Não sei vocês, mas eu tenho muito medo da morte. A ansiedade exerce um papel poderoso nos temores, claro, mas as noites silenciosas em que discuto comigo mesma sobre o assunto são angustiantes. Particularmente, acredito que o que há após o fim da vida nada mais é que... nada. Sem tristezas, desejos, dores ou amores. Nada. Um vazio, um silêncio desconhecido e eterno.
Ao mesmo tempo, nada impede que as palavras de Hesíodo ou Alighieri sejam reais, que o Tártaro e Céu realmente existam, ou talvez nós reencarnemos... mas pouco importa. Enquanto vivos, estamos fadados a lidar com o fato que nunca teremos uma resposta para a questão e isso também me deixa angustiada.

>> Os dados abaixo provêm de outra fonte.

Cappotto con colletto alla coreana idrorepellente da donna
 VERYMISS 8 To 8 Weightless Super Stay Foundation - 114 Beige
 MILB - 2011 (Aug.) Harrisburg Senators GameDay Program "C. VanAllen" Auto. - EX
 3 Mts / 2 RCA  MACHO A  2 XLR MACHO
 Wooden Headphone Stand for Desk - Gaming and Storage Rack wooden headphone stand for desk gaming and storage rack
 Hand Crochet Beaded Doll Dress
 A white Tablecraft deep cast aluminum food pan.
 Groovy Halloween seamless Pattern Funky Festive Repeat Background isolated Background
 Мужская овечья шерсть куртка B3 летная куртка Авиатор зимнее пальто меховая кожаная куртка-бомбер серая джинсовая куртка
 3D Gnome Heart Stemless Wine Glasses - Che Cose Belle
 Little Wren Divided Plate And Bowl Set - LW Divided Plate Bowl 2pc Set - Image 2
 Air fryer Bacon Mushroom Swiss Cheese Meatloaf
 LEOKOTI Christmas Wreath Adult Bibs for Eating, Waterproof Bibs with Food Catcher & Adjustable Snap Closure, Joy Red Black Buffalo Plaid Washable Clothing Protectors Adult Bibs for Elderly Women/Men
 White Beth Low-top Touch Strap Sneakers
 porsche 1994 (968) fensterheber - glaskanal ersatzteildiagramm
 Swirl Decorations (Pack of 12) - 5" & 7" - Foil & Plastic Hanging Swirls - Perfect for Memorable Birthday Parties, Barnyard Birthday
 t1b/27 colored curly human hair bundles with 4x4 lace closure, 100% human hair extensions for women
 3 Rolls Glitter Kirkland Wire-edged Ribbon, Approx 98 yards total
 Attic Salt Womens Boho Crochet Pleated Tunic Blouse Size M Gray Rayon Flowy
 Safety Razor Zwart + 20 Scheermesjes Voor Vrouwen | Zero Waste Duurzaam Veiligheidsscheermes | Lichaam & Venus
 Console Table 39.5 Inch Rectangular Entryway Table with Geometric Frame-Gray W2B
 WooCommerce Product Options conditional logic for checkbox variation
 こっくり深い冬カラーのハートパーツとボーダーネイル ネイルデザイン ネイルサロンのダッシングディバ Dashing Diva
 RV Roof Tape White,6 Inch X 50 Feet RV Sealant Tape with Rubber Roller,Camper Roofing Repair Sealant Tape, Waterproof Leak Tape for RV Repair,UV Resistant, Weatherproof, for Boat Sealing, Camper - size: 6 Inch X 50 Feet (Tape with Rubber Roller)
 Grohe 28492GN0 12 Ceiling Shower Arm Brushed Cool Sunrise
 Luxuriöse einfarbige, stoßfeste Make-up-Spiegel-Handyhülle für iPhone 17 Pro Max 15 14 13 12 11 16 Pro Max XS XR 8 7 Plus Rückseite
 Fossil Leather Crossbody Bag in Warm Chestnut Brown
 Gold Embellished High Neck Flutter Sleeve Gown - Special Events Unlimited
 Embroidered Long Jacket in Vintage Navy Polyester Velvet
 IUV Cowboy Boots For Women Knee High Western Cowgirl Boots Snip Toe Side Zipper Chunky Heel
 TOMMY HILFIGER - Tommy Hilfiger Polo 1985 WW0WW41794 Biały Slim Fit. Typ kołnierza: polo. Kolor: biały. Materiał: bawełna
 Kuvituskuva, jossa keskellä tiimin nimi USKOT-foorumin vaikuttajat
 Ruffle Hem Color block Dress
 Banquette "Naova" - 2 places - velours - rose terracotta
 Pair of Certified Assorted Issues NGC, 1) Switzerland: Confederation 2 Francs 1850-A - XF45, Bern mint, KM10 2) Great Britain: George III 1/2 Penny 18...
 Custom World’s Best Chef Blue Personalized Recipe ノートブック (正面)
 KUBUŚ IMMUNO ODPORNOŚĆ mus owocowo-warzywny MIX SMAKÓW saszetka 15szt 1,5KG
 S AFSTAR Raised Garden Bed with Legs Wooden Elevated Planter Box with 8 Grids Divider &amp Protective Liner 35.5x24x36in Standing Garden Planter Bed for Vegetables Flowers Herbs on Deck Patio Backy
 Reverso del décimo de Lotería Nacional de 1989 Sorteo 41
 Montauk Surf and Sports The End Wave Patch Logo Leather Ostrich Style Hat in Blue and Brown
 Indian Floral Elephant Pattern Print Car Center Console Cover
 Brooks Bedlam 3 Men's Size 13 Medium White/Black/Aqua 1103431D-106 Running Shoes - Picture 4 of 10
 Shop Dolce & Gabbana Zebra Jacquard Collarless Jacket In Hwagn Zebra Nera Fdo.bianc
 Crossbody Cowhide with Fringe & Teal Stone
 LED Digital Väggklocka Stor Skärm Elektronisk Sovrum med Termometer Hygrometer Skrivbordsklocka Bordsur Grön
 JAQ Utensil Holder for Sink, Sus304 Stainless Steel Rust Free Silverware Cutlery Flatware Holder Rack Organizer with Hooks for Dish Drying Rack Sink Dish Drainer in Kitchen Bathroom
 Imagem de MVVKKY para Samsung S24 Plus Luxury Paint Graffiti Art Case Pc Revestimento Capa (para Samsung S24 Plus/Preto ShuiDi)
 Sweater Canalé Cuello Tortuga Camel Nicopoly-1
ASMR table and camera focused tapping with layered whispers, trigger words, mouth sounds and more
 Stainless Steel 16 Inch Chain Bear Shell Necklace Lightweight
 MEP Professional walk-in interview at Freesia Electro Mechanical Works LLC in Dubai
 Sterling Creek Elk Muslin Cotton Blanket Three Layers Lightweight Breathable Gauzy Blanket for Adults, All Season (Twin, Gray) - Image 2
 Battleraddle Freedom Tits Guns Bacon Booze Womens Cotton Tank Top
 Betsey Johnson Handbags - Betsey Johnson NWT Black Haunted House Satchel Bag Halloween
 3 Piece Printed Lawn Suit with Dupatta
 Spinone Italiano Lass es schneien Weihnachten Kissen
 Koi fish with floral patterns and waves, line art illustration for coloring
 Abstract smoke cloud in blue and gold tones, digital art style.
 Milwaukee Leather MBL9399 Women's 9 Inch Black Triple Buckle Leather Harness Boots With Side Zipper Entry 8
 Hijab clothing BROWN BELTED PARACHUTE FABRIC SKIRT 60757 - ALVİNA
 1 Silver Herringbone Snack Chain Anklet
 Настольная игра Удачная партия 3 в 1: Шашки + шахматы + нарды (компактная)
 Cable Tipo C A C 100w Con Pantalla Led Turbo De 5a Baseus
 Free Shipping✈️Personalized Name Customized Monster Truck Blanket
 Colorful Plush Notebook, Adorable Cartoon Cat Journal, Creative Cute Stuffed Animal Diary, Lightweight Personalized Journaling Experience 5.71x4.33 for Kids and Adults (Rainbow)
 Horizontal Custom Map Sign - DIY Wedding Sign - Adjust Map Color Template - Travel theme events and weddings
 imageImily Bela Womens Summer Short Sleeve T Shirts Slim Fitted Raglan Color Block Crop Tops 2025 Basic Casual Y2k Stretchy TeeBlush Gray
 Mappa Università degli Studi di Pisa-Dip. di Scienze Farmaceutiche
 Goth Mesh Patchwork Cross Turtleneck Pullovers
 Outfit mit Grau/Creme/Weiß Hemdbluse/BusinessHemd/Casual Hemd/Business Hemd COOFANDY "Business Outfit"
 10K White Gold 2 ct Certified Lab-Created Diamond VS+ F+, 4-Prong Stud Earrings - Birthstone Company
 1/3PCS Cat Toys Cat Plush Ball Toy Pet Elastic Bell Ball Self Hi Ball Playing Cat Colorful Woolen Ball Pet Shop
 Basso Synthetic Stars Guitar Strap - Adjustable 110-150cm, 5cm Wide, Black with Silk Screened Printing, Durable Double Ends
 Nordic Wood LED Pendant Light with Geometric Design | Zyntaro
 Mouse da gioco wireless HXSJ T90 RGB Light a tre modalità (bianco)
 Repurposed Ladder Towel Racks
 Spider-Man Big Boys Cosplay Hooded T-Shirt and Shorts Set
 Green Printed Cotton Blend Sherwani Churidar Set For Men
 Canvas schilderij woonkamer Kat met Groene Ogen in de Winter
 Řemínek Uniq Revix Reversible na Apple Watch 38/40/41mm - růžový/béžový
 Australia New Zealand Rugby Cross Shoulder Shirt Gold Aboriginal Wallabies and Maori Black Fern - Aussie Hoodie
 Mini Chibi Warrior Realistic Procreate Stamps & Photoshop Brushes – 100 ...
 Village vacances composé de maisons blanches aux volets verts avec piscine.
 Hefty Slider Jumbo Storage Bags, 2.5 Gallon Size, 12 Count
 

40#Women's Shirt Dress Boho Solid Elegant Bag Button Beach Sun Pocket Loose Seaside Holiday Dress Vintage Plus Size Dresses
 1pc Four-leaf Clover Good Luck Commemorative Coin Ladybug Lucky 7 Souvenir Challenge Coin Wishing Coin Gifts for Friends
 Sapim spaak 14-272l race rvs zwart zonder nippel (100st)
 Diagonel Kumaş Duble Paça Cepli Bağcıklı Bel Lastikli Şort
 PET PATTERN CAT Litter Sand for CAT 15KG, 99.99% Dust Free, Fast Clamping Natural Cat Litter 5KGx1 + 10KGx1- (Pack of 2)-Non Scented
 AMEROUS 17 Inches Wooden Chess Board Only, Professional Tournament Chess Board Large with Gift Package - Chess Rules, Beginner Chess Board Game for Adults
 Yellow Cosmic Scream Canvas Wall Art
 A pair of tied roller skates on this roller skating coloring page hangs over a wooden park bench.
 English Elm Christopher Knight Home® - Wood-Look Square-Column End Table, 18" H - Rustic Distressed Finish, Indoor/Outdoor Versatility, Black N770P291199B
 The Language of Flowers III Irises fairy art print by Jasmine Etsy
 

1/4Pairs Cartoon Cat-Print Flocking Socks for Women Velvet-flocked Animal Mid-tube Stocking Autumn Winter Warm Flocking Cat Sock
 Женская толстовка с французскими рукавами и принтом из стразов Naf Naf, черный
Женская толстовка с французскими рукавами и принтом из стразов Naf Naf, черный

Tal sentimento me fez evitar por anos obras que tocavam no tema, mesmo que de forma breve. Encarar meras frases era demais pra mim, qualquer mínima coisa ativava um botão em meu cérebro que me forçava a lidar o medo da morte durante as noites. Não eram frequente, ainda não são, mas cada um desses dias ficou marcado em minha memória.
Thanatos vem atrás de mim de qualquer forma, eu não posso escapar. Só espero que quando morrer eu possa ser enterrada e lembrada com o nome que escolhi.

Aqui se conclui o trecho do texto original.